Never heard of it. 'Life Points' weren't mentioned in the 'Design & Development' article on Death & Dying either.

Sounds like the Delegate took the gist of the Death & Dying rules and filled them in with whatever struck his/her fancy.
 

Yeah, that sounds wrong to me as well. What it looks like is that someone was confused about how negative HP work in 4e. You do have a negative HP range equal to 1/2 your total HP. So if you have 36 HP, you can go down to -18 before death. Also, you don't have to heal those negative HP, they go away. So the 36 HP PC is at -12, and then the cleric uses a healing word on them, they would be at 13+1d6 HP (9 from his healing surge, 4 from the healing word, plus the 1d6). Any healing brings you to zero. Either your demo person misunderstood the rule, or didn't explain it well.

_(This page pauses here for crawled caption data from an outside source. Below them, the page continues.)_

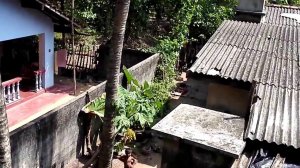 Маленький абориген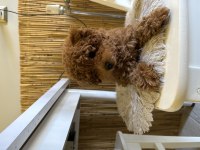 Yavru toy poodle eşyalarıyla beraber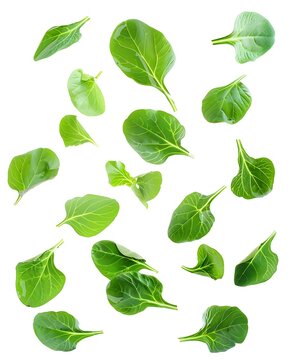 floating mustard greens leaves isolated on white background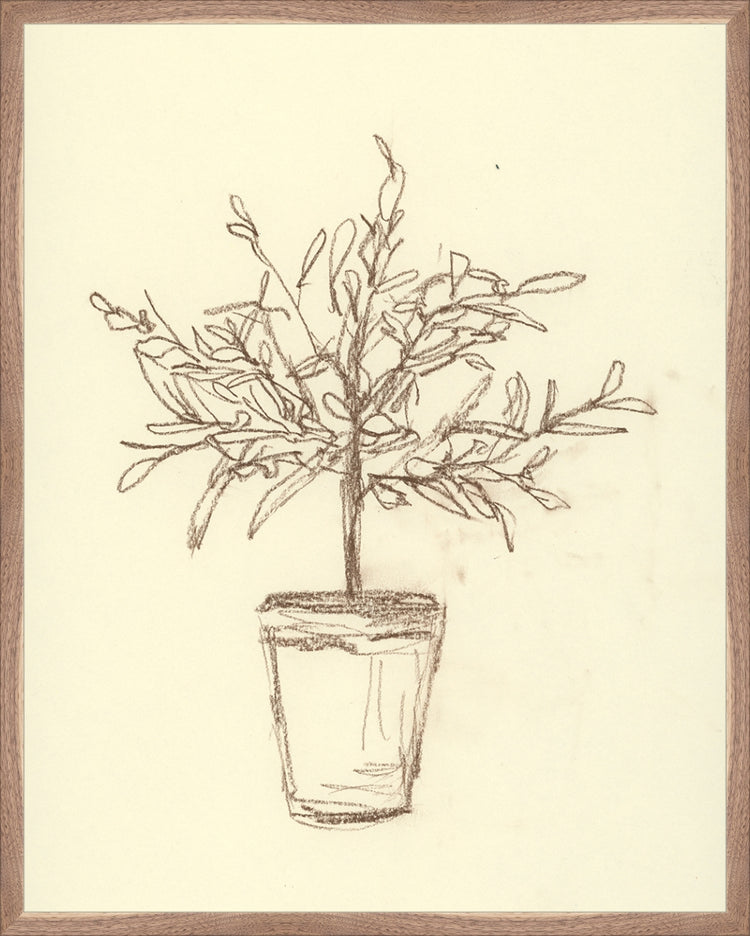 Framed Olive Tree Sketch. Frame: Natural Walnut. Paper: Rag Paper. Art Size: 29x23. Final Size: 30'' X 24''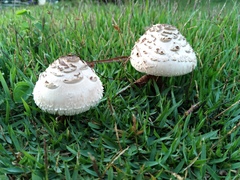 Chlorophyllum molybdites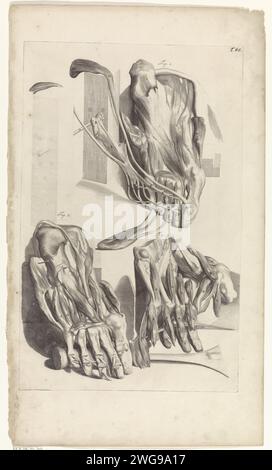 Anatomische Untersuchung des rechten Fußes und der Zehen, Pieter van Gunst, nach Gerard de Lairesse, 1685 Print Anatomische Untersuchung des rechten Fußes, der Zehen und der dort liegenden Muskeln und Sehnen. T. 86 oben rechts. Amsterdamer Papier-Ätz-/Gravurfuß. Muskeln. Sehnen, Sehnen. Zehen Stockfoto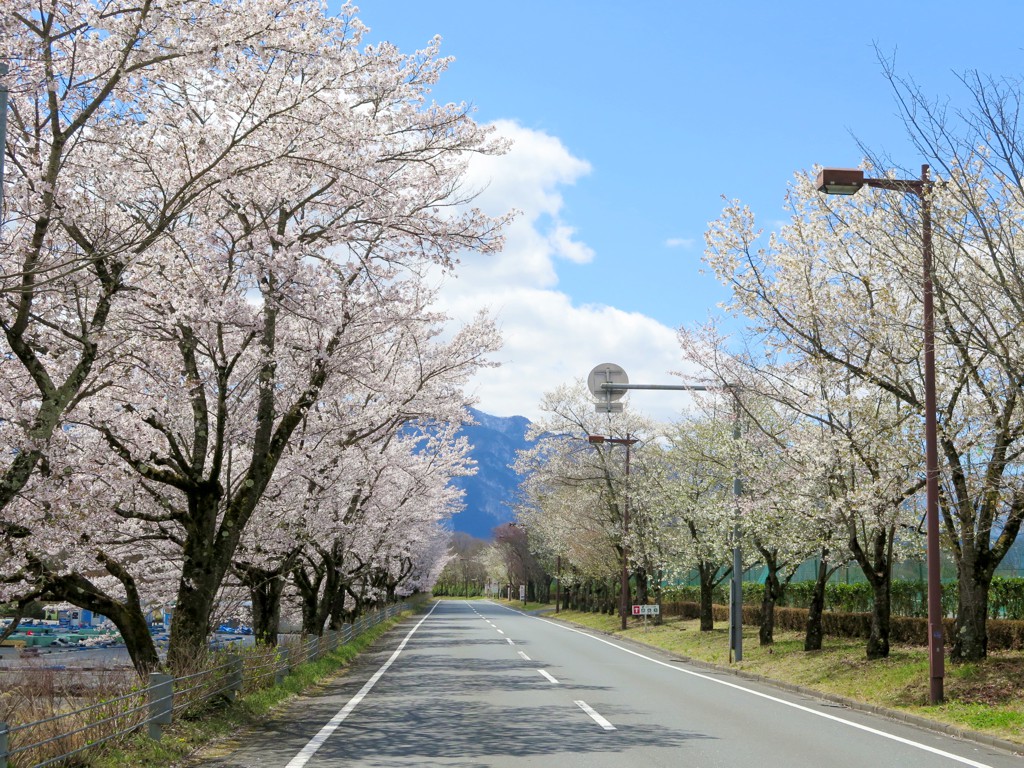 桜の開花状況　４月１１日（晴）見頃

... or he could have been talking about the fail 3 times saving throw mechanic. But either way, those persistent life points really don't fit.
 


Actually, sounds to me like the delegate had an outdated rules set. There was a "life points" mechanic in an old draft of the playtest rules, but we're talking many, many months ago.

I mention this only because there really are delegates out there who are absolutely full of it; but I'd hate for one the ones who's not (or possibly not ;)) to get lumped in with them.
 

And the Rodent of the Night once again provides proof that sometimes the stuff that was considered, tried and then cut is as intriguing as the stuff that made it all the way thru....
 

Stormtalon said:
And the Rodent of the Night once again provides proof that sometimes the stuff that was considered, tried and then cut is as intriguing as the stuff that made it all the way thru....

It is my fervent hope that a few years down the road, we'll see a Fourth Edition version of Unearthed Arcana with all of the variant rules they considered. And with any luck, they'll only release the ones that worked, but changed the "feel" of the game in ways that made it not feel like D&D.
 

Mouseferatu said:
Actually, sounds to me like the delegate had an outdated rules set. There was a "life points" mechanic in an old draft of the playtest rules, but we're talking many, many months ago.
Or, he just decided WotC should have kept life points. *shrug*
 

JohnSnow said:
It is my fervent hope that a few years down the road, we'll see a Fourth Edition version of Unearthed Arcana with all of the variant rules they considered. And with any luck, they'll only release the ones that worked, but changed the "feel" of the game in ways that made it not feel like D&D.
Amen to that. When I hear about some of the different rules they had thought of for 3.0 and chose to discard, I was hoping for much the same thing back in those days.